Şiddet Dokunabileceğiniz Kadar Yakın!

Gürültünün İçinde gencecik bir ekibin, görmeyeri’nin elinden çıkmış taze bir oyun. Oyunun metnini okuyunca son dönemde çok fazla karşılaştığımız seyirciye “şiddet” uygulayan oyunlardan biri olduğunu düşünebilirsiniz. Aslında çok da yanılmıyorsunuz oyun Şermola Performans’ın da klostrofobik yapısıyla, sahne mesafesinin kısalığıyla birlikte sizi de beraberinde dehşete sürüklüyor.

Küçük yaşta aile içi şiddete tanık olan Yasemin, başka birini sevdiği halde kolayda bulduğu Pınar’a duygusal şiddet uygulayan Filiz, içindeki mahalle çocuğunu bastırmaya çalışan, Filiz’e aşık Pınar ve iki kadın arasında kararsızlığı hayatının dengesini bozan Hakan oyunun karakterleri.
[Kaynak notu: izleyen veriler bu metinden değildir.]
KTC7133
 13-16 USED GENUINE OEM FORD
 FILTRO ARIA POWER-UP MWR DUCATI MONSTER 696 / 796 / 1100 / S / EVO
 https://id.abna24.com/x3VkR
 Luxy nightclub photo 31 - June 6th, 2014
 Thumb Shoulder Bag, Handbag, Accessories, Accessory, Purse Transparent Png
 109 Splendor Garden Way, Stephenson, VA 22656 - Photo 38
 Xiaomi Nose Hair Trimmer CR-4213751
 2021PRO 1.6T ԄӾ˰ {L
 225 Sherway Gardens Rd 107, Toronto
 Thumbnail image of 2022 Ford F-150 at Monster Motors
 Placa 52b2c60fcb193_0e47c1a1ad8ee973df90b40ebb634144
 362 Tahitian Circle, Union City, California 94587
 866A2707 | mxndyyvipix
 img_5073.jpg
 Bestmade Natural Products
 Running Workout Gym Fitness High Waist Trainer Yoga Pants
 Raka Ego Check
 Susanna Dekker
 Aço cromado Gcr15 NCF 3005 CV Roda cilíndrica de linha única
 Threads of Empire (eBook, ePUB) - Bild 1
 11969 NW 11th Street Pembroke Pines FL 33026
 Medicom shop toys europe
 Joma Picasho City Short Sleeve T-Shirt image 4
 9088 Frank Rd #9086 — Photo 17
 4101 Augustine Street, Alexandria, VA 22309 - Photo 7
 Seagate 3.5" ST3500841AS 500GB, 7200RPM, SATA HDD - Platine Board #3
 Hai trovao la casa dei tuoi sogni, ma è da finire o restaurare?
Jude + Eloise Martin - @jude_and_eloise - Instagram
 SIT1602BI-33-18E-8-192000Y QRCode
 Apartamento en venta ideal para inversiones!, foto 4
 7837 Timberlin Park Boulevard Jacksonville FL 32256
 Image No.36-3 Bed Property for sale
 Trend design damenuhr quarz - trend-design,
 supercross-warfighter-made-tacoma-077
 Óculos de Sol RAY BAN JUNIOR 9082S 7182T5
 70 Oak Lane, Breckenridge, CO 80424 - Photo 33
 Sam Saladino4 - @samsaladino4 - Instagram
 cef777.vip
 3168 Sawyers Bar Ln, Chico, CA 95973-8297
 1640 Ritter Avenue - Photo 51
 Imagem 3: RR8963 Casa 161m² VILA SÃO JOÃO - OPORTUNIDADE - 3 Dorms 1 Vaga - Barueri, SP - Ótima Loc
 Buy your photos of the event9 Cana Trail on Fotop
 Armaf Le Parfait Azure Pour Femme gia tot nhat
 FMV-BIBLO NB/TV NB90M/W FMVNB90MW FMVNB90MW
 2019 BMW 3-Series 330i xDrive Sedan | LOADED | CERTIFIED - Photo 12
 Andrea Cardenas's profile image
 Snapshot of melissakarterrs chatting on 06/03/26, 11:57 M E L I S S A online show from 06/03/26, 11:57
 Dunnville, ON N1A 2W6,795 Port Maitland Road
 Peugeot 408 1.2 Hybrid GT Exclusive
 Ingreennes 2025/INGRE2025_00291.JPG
Aralarında havadan sudan konuşurken, sessiz sinema oynarken, birden sözler başka yere evriliyor, anılar sahneye yansımaya başlıyor.

Gürültünün İçinden

Hani bazen biriyle konuşurken dalıp gidersiniz ya, geçmişe, kötü bir güne, işte bu duyguyu vücuda getiriyor Gürültünün İçinde. Bunu yaparken de duygular arası geçişleri Joseph Ensley ve Yunus Emre’nin hazırladığı müthiş müzikleri kullanıyor.

Gürültünün İçinden

Oyun sonrası ekiple başrol oyuncusu Ceyda Yücesan’ın “sürpriz” doğum günü öncesi konuştuk. Yazar & yönetmen Uğur Küçükdağ senaryoyu yazarken, “şiddetin nerede başladığını düşündük ve aklımıza çocukluk geldi. Anılar şiddetle ilişkilendirildiğinde hiç unutulmuyor. Hep “kötü”yü kaydediyor olmamız bizim için önemliydi.”  bu karamsarlığın kaynağının nereden geldiğini açıkça ifade etti :)  Sonra ışıklar birden söndü, Ceyda’nın pastası geldi, alkış sesleri yükseldi, biz de şiddeti içimize gömüp, Şermola Performans’tan ayrıldık.